報告題目:Robustness in Process Data Analytics
報告人：Prof. Biao Huang
Professor, Department of Chemical and Materials Engineering, University of Alberta, Canada
Fellow of the Canadian Academy of Engineering
Modern process industry is awash with a huge amount of data. While useful information may be buried in some of data waiting for discovery, others may simply be noises. Extraction of information and knowledge discovery from data, particularly from day by day routine process operating data, is especially challenging. There are numerous issues such as data nonlinearity, non-Gaussian, high dimensionality, collinearity, multiple mode, outlier, missing measurement, etc., that must be considered during the information extraction process. This presentation will first give an overview on the general field of Data Analytics and then focus on one of the most important specific issues in Data Analytics, namely the irregularity of process data. The presentation is then highlighted by a discussion of state-of-the-art development of process data analytics to deal with robustness issues.

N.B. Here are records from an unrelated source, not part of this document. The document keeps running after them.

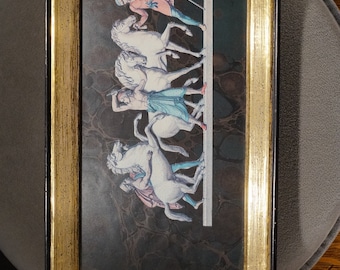 Antique Vintage Black Yellow Gold Rectangle Framed Wall Hanging Multi Colored Print Multi Grecian Goddess Figurals Horses Home Decor Classic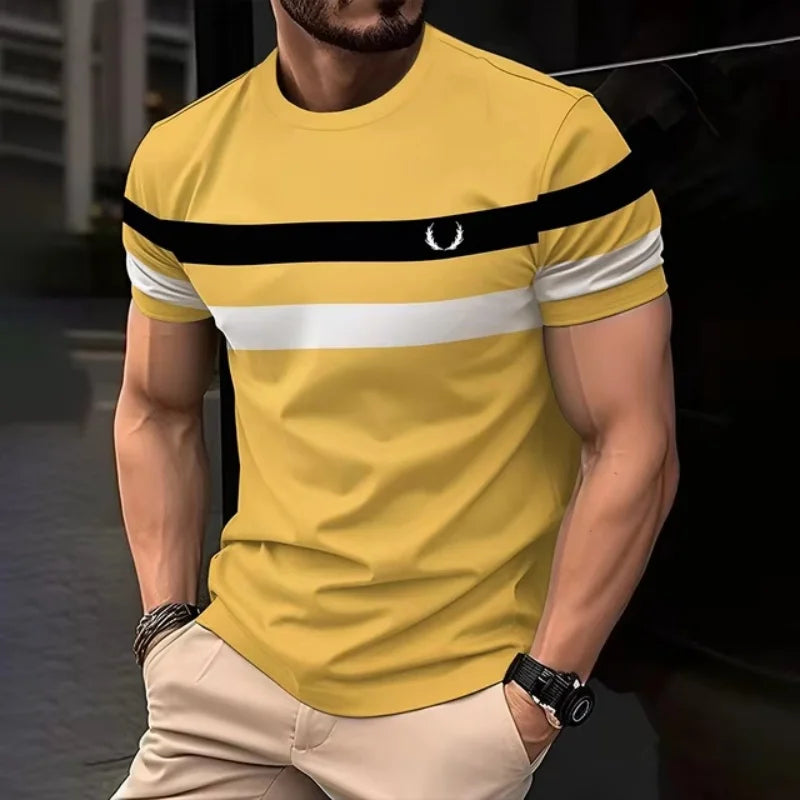 3D Print Colorful Stripes T Shirt For Men Color Block Pattern Short-Sleeved Tees Harajuku Streetwear Tops O-Neck T-Shirt Clothes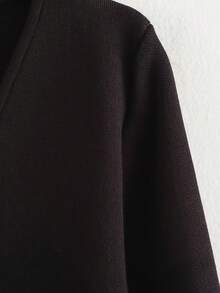 秋季女士优雅纯色 V 领长袖开衫纽扣时尚不对称修身针织上衣外套圣诞礼物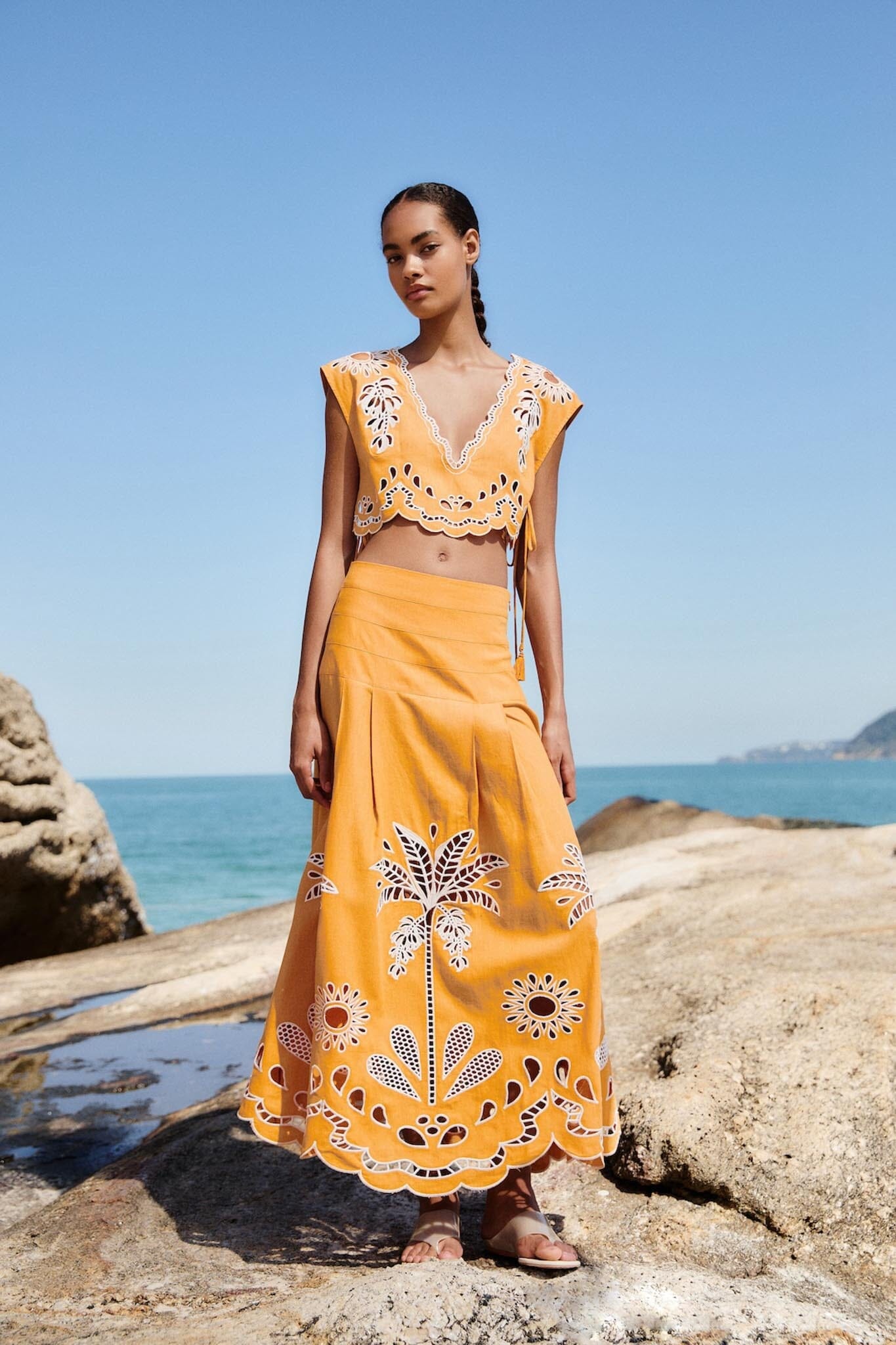 Camel Tropi Embroidery Skirt - FARM Rio TROPI EMBROIDERY CAMEL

Biao Huang obtained his PhD degree in Process Control from the University of Alberta, Canada, in 1997. He had MSc degree (1986) and BSc degree (1983) in Automatic Control from the Beijing University of Aeronautics and Astronautics. He joined the University of Alberta in 1997 as an Assistant Professor in the Department of Chemical and Materials Engineering, and is currently a Professor, NSERC Industrial Research Chair in Control of Oil Sands Processes and AITF Industry Chair in Process Control. He is a Fellow of the Canadian Academy of Engineering, Fellow of the Chemical Institute of Canada, and recipient of Germany’s Alexander von Humboldt Research Fellowship and Chinese Education Ministry’s Changjiang Scholar. He received a best paper award from Journal of Process Control as well as a number of other awards. Biao Huang’s research interests include: Bayesian inference, system identification, control performance assessment, fault detection and isolation, and soft sensors. He has applied his expertise extensively in industrial practice.